Ketua Indonesia Fight Corruption (IFC), Intan Sari Geni menilai dana sebesar itu, melukai hati masyarakat dan tak pantas jika hanya digunakan untuk penyusunan RUU.
“Kita lihat kesehatan masyarakat juga belum terjamin dan pendidikan juga masih belum diperhatikan. Minimal dana sebesar itu dapat digunakan untuk mendirikan universitas, untuk generasi muda,” kata Intan saat berbincang dengan Okezone, Minggu (31/12/2012).
Dia beranggapan untuk mengusun RUU, cukup dengan dana sebesar Rp1 Miliar. Jadi tak ada lagi pemborosan dari anggota dewan yang terhormat diatas penderitaan masyarakat.
“Jika dibangun Universitas, maka masyarakat yang tidak mampu dapat mengenyam pendidikan di universitas tersebut. Otomatis tingkat kriminalitas mampu ditekan dan korupsi bisa diminimalisir” terangnya.
Selain itu hutang negeri ini juga terbilang tidak sedikit, jadi alangkah lebih baiknya jika anggaran yang nilainya fantastis, dapat diperuntukkan membayar hutang. “Kita tau Indonesiua punya hutang yang tak sedikit, dana tersebut bisa saja digunakan untuk bayar hutang,” tukasnya.
Sebelumnya Kordinator Investigasi dan Advokasi Seknas FITRA Uchok Sky Khadafi, mengakui bahwa DPR selalu berdalih jika anggaran Rp842 miliar ini memang tidak terpakai seluruhnya. Namun, ini memperlihatkan kepada publik atas tindakan DPR yang tidak serius dalam perencanaan anggaran.
"Ini mengakibatkan kemubaziran alokasi anggaran. Yang semestinya alokasi anggaran ini bisa digunakan untuk kesejahteraan masyarakat miskin," tegas Uchok Minggu (30/12/2012).

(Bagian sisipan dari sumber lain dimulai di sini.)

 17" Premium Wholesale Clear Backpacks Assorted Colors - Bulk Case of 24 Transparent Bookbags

Uchok memaparkan, harga sebuah RUU usulan dari DPR di Komisi I pada 2011 dibanderol dengan harga Rp8,1 miliar. Pada 2012 menjadi Rp9 miliar. Pada Komisi II, pada 2011 RUU dibanderol Rp7,8 miliar dan pada 2012 menjadi Rp9 miliar.

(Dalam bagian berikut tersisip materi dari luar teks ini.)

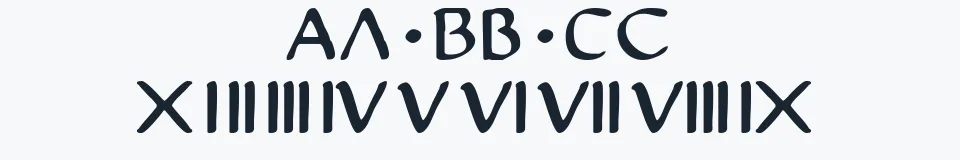 Rzeczywista próbka kroju Justinian 2 — Aa Bb Cc 0123456789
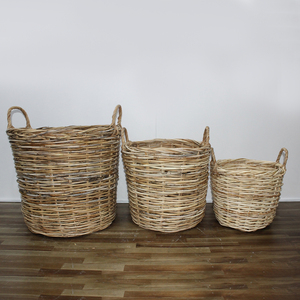Handwoven Natural Rattan Round Storage <b>Basket</b> With Handles Rustic Style Clothing Storage Bin - Product Image 2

Lalu, di Komisi III, pada 2011 RUU dibandrol Rp8,1 miliar menjadi Rp9 miliar pada 2012. Kemudian, RUU usulan dari pemerintah diantaranya pada Komisi VI, pada 2011 RUU dibanderol Rp 4,6 miliar dan meningkat menjadi Rp 6,5 miliar pada 2012. Di komisi II RUU dibandrol Rp4,8 miliar naik menjadi Rp6,5 miliar pada 2012.
Sementara, harga RUU ratifikasi sebesar Rp964 juta, dan pada 2012 menjadi Rp1 miliar. Untuk harga RUU pemekaran adalah sebesar Rp2,5 miliar menjadi Rp2,8 miliar pada 2012.
"Maka, kenaikan secara umum harga sebuah RUU di bursa efek DPR Jakarta, ada yang minimal sebesar Rp929 juta, dan juga sebesar Rp1,9 miliar. Ini memperlihatkan bahwa harga untuk sebuah draft RUU saja begitu mahalnya, dan penghitungannyapun di luar akal sehat. Masa membuat draft RUU saja, sampai bermiliar-miliar? Dimana nurani anggota DPR?" ungkapnya.